Кэтрин Валенте - Девочка, которая объехала Волшебную Страну на самодельном корабле
– Оплачиваем проезд! – прорычал паромщик, когда подошла очередь Сентябрь и Виверна.
Вивернарий с чувством прокашлялся для ответа, но Сентябрь опередила его.
– О! – оживилась она. – У меня как раз есть чем расплатиться!
Она вытащила скипетр из звеньев цепи Виверна. «Я знала, – ликовала она, – что такая вещь может пригодиться!» Сентябрь была очень довольна, что оказалась такой предусмотрительной. С помощью острого когтя Виверна она отколола два рубина с верхушки скипетра и гордо протянула их паромщику.
– Больно здоровый он у тебя, – фыркнул паромщик, – двойная плата за перевес багажа.
– Я не багаж, – возмутился Вивернарий.
– Ничего не знаю. Она ж на тебе возит эту блестящую штуку. Значит, багаж. И еще ты сам вон какой здоровенный. Короче, двойная плата.
– Ну хорошо! – согласилась Сентябрь и отколола третий мерцающий красным рубин от скипетра. Теперь три камня сверкали у нее на ладони, как капли крови.
– Легко пришло, легко ушло. Без тебя я все равно не поеду.
– Залазьте, – прохрипел паромщик, шевеля мохнатыми, как гусеницы, бровями, и сгреб камни с ладони.
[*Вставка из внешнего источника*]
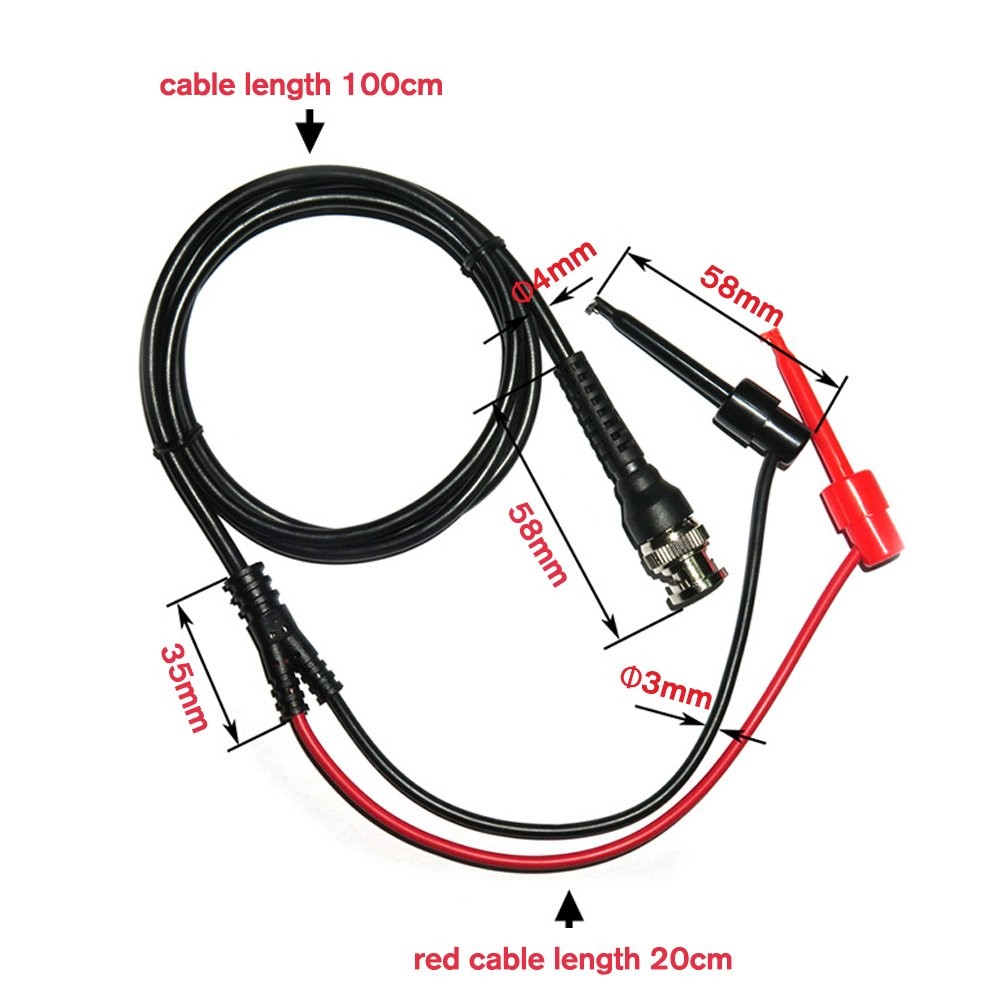 BNC to Mini Test Hook Clips Dual Hook Test Probe Cable Leads 120CM with Two Mini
В один гигантский прыжок Виверн оказался на самой верхней палубе большого парома. Сентябрь шла к нему по трапу, а затем по винтовой лестнице с гордо поднятой головой. Возможно, все дело было в ванне Алкали, но Сентябрь чувствовала себя дерзкой и неустрашимой, и к тому же она сама заплатила за проезд, совсем как взрослая. Такая самоуверенность неизбежно ведет к ужасным последствиям, но Сентябрь не могла этого знать, тем более когда солнце светит так ярко, а река такая синяя. Давайте позволим ей насладиться этими новыми, необычными удовольствиями.
Что? Нет?
Ну и ладно, но я же пытаюсь быть великодушным рассказчиком и забочусь о моей девочке, насколько хватает сил. Не моя вина, что читателям всегда нужны приключения, и хотя бедствия встречаются и без приключений, приключений без бедствий, простите, не бывает.
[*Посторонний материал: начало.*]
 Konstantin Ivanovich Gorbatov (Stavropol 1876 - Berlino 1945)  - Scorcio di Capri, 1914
На верхней палубе расставили голубые и золотистые шезлонги, на которых развалились, купаясь в лучах солнца, изнеженные синие женщины и большие бледные тролли. От-А-до-Л весело фыркал под скрип и треск парома, отчаливающего от пирса.
– Разве это не прекрасно, – вздохнул он, – что мы уже совсем рядом с Городом? С великим Городом, где каждый надеется прославиться!
Сентябрь не ответила. Она помрачнела, вспомнив, сколько раз она слышала от старших девочек в школьном туалете, что когда-нибудь они уедут в Лос-Анджелес, станут богатыми и красивыми, будут сниматься в кино и все выйдут замуж за киноактеров. А некоторые говорили, что потом бросят Калифорнию и поедут в Нью-Йорк, где тоже станут богатыми и красивыми, но не кинозвездами, а танцовщицами или моделями и выйдут замуж за знаменитых писателей. Сентябрь всегда сомневалась. Она не мечтала о больших городах. Они казались огромными и ужасными, к тому же в них было слишком много неженатых мужчин. Она надеялась, что Пандемониум совсем другой и что в Волшебной Стране не будет старших девочек, желающих стать звездами.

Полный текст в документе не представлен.